2. ANSI aggregate function as: SUM(), AVG(), MIN(), MAX(), COUNT().
when using * in SELECT statement, columns in the result appear in the order they defined in the table.
when specifying the column to select, the column will appear in the result in the order that specified in the statement.
select statement allows you to use scalar expressions and constant string to specify column names.
scalar expressions allow for dynamic or calculated column names, but the column MUST have numeric type or it will throw an error.

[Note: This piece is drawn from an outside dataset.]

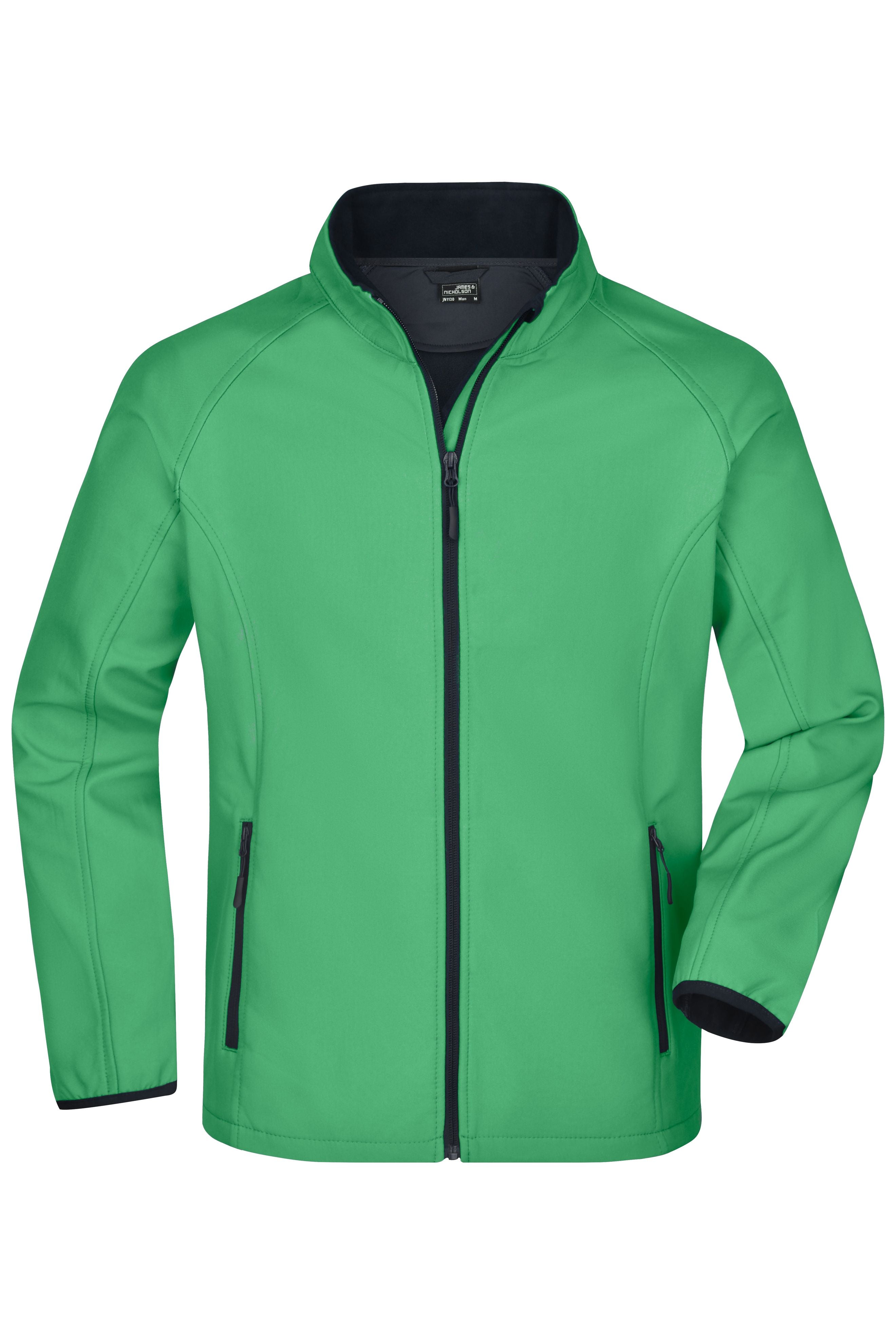 JN1130 - Men's Promo Softshell Jacket in green/navy Größe S von Daiber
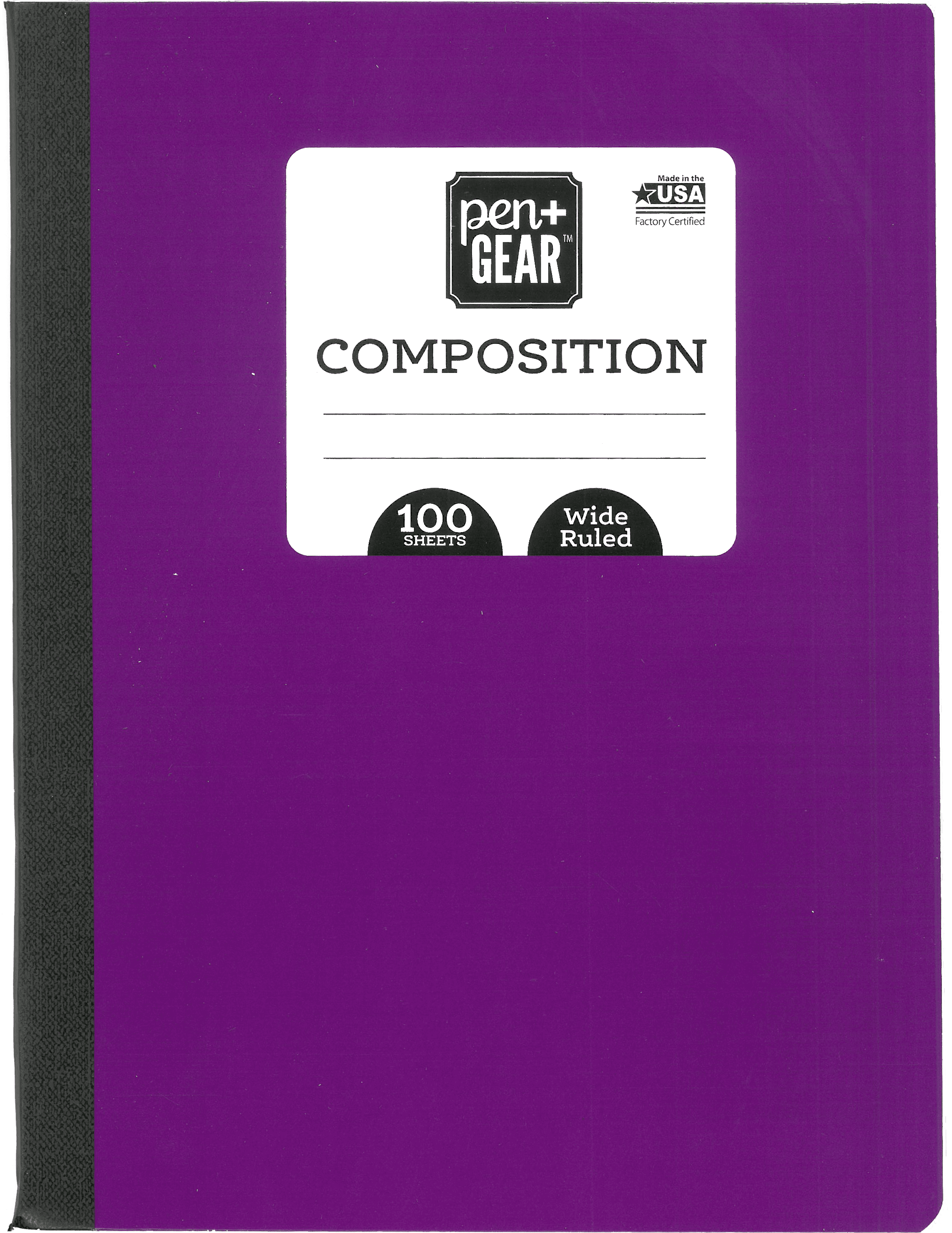 Pen + Gear 1-Subject Notebook, College Ruled, 70 Sheets, Purple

scalar expressions in select statements

lateral strings will appear for each row, they can be enclosed in single or double quotes.

constant (lateral) strings in the select statements

Cartesian Product¶

when you specify more than one table in the FROM clause, this will produce the cartesian product of the result.
for every row from the left set, a new row matching every single row of the right set will be generated.
if we have 2 rows in the left set, and 3 rows in the right set, the final result will contain 6 rows as in the example below.
The cartesian product is not limited to 2 tables, but this can grow quickly with adding more .
this is not very useful in real-life, but good for science or AI purposes.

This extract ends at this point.